Hal Riney - Creative Hall of Fame

Career

It was just eleven and a half years ago, during the summer of 1982. I was at Ammirati & Puris and we were looking for a new voice for BMW.

I’d heard a voice that I liked a lot on a campaign for Gallo wines, and since an old friend of mine worked at Ogilvy & Mather in San Francisco, I gave her a call to see if she knew who it was. “Oh, that’s the guy who wrote the spots,” she said. “As a matter of fact, he heads up the office here. His name is Hal Riney.”

I asked her how to spell it. It was the first time I’d ever heard the name.

My ignorance, I think, was typical of the New York advertising community in the early eighties. Soon, though, the ignorance and the bliss that it brings would end. Within a year or so, people like Hal Riney, Lee Clow and others would begin cleaning our collective clocks, first at the awards shows and later, in major new business pitches. Oh, they had done some great work already, lots of it in fact. But we were snoozing at the wheel, and by the time we woke up we were looking at their tail lights.

For quite a while thereafter, it seemed that whatever good work the industry would do, Riney would find a way to do something better.

We’d see a new campaign for Perrier so artfully written and executed it made us forget how good Earth’s First Soft Drink had been. Someone would write a great campaign for California Coolers. Hal would create a product called Bartles & Jaymes (he found the names in a telephone directory) and then write a campaign featuring two of the more memorable characters ever to grace our television screens.

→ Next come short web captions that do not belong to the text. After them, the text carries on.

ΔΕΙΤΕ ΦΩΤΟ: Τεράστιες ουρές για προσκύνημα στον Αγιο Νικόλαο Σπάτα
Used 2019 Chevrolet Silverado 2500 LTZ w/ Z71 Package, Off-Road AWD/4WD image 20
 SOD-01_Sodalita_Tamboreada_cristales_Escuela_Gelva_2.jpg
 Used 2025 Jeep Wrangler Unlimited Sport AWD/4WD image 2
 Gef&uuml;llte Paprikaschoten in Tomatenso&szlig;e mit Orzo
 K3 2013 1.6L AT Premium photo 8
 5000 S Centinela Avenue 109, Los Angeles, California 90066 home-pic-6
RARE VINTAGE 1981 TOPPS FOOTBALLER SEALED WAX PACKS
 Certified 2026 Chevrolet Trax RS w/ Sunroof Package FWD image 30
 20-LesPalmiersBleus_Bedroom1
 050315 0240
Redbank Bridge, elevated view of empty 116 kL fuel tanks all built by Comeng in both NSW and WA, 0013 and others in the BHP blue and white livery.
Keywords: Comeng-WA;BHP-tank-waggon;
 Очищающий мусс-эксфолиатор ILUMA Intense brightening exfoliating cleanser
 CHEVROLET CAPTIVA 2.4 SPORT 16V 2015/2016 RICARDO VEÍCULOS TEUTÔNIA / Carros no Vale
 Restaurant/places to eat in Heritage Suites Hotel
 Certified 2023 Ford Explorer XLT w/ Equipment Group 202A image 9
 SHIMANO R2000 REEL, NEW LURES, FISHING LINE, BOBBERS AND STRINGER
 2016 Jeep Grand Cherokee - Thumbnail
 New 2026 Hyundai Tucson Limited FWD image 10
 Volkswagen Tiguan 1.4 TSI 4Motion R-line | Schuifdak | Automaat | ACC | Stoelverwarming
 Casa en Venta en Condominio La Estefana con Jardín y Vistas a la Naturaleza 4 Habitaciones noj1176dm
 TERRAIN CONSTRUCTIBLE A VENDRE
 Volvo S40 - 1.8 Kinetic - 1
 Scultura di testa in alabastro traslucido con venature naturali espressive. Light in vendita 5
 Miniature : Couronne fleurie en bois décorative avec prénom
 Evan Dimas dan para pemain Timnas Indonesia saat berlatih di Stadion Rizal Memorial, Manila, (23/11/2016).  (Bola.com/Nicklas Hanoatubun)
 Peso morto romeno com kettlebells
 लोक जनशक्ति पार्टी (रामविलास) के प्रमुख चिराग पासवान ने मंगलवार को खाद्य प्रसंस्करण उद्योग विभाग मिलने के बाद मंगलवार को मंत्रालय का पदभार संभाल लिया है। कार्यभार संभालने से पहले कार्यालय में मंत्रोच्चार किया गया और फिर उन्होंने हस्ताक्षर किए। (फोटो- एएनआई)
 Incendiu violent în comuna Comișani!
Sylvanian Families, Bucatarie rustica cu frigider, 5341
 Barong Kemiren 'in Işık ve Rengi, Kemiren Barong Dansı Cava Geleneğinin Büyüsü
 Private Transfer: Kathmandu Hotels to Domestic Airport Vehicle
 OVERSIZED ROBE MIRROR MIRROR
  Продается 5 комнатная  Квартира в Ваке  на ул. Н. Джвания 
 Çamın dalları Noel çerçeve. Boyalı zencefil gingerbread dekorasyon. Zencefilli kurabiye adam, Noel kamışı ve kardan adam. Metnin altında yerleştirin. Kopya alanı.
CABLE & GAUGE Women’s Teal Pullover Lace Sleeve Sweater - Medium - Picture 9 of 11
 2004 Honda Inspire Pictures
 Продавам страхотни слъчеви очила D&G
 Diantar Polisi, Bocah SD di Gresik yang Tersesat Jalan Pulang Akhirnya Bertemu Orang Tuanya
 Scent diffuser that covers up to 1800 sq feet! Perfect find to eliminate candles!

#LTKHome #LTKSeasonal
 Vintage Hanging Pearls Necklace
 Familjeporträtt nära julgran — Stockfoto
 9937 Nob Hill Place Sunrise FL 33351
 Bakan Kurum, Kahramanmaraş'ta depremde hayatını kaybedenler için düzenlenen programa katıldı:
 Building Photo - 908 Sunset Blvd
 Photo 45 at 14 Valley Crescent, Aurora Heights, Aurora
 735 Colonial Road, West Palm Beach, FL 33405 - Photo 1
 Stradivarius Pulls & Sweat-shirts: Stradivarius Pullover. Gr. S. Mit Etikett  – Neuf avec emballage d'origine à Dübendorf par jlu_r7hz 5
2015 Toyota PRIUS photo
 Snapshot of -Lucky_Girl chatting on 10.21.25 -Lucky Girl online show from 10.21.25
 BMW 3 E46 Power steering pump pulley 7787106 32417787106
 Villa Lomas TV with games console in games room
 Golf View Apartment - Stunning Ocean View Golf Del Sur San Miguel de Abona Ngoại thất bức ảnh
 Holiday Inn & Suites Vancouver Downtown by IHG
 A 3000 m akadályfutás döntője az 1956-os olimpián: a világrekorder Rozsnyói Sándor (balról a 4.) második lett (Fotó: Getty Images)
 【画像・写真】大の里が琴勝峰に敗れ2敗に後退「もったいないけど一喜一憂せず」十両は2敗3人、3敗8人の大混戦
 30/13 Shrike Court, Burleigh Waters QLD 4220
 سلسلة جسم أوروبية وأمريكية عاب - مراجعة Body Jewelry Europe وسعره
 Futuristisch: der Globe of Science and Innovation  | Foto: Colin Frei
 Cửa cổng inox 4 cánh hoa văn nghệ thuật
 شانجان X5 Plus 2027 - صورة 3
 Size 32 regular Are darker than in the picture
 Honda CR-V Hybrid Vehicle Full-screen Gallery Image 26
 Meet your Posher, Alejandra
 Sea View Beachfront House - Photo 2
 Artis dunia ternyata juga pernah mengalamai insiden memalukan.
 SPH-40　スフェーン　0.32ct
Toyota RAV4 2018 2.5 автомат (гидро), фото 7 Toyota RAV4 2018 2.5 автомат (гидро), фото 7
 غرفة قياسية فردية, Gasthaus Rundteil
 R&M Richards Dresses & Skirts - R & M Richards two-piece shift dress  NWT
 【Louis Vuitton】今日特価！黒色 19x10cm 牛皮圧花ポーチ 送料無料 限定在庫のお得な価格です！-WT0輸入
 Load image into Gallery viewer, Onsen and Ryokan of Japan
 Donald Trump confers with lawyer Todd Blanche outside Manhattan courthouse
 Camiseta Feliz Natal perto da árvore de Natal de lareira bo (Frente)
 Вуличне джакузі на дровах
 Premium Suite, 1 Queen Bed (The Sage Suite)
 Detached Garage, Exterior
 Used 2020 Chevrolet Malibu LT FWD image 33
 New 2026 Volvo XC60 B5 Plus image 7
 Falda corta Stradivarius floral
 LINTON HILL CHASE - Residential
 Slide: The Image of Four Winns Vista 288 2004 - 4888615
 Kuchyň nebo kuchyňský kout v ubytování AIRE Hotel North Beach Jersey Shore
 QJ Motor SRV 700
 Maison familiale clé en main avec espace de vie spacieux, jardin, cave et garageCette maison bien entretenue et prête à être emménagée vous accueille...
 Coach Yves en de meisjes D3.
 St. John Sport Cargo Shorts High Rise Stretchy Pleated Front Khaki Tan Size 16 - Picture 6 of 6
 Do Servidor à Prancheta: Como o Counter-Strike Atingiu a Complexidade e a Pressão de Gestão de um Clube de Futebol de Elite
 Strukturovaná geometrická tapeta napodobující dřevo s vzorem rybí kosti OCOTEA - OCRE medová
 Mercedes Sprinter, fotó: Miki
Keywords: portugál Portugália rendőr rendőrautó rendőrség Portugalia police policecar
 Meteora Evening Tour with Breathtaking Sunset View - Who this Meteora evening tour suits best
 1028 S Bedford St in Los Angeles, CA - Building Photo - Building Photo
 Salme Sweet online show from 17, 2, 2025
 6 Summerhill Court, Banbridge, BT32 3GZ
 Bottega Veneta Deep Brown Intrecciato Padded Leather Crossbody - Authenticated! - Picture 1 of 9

Along the way we’d see great commercial after great commercial for Gallo wines, a client for whom it had been said good work could not be done. In the effortless manner that characterizes his work, Hal would persuade America to believe that Gallo, a wine usually associated with brown paper bags, was a pretty good table wine. A feat tantamount to Bill Bernbach convincing us that a funny little car called the Beetle was the intelligent choice.

Advertising folklore has it that Ernest Gallo once said, “An agency is like a grape. You squeeze it dry and then you throw away the pulp.” Whether Ernest truly made that statement is beyond me. What is true is that Hal’s juices never stopped flowing.

In fact, it could be argued that Hal has written and (or) art directed more commercials than anyone else in history. Doubtful? Consider this. There were one hundred fifty-three commercials in the Bartles & Jaymes campaign. Hal wrote every one of them. To equal his output on that account alone, a writer would have to produce a spot every month for the next twelve years or so.

Obviously, it’s not the quantity of work that’s most important. Sometimes it’s not even the quality. It’s the gravity. In whatever spare moments Hal found between writing commercials and building an agency, he created work that would have a more profound impact on people’s lives.

In 1969, he co-produced a documentary on retarded children called “Somebody Waiting.” He and his fellow author were nominated for an Oscar.

In 1984, he helped elect a President. No matter which way you cast your ballot that year, you had to acknowledge that “It’s Morning in America” influenced the way millions of other Americans cast theirs.

On a lighter note, somewhere along the line Hal also commissioned a then-young composer named Paul Williams to write a tune for a California bank. To my knowledge, the resulting song, “We’ve Only Just Begun,” is the only advertising tune ever to become the number-one hit in the country.

Hall-of-Famers are held to a higher standard. They are measured not merely by what they have penned, but by what impact they’ve had on the business at large.

Let’s start close to home. With Goodby, Silverstein & Partners, Mandelbaum Mooney Ashley, Citron Haligman Bedecarre, as well as the West Coast offices of some larger enterprises, San Francisco is sort of a hot advertising town these days. Yet it’s fair to say that, at best, it might be lukewarm here without Hal. Not only did the principals of many of these agencies once work for him, many left other cities to do so. The large pool of talent, as well as the high standard of work in San Francisco exists, in some part, because of Hal Riney.

On a national scale, Hal has not only become a name in the business, he has become an adjective. We find ourselves referring to certain commercials as Riney-esque. We ask for Riney-like voice-overs. Recently, a rather well-known announcer asked me to thank Hal for giving a brand name to what he does, which happens to be Hal-like readings.

It’s been a pretty good year for Hal. In 1993 the Saturn campaign which he has so deftly guided is helping to sell every car that company can produce. He’s currently putting the finishing touches on a ninety second Alamo commercial he created for this year’s Super Bowl. His shop has been named Agency of the Year. He has been inducted into the Creative Hall of Fame.

And it’s only the end of November.

When I was requested to write this piece, I asked Hal to please jot down a few notes about himself. He did. Undoubtedly, it was the dullest piece of writing he’d done in his career.

It seems the only thing he doesn’t do very well is brag.

Which is another reason why most of us are still unfamiliar with the greater body of Hal’s work. Campaigns for Yamaha motorcycles and Henry Weinhard beer, among others. Work that was done long before his name went on the door, before his voice went on the air, before we realized that Madison Avenue had emulated Route 80 and headed west.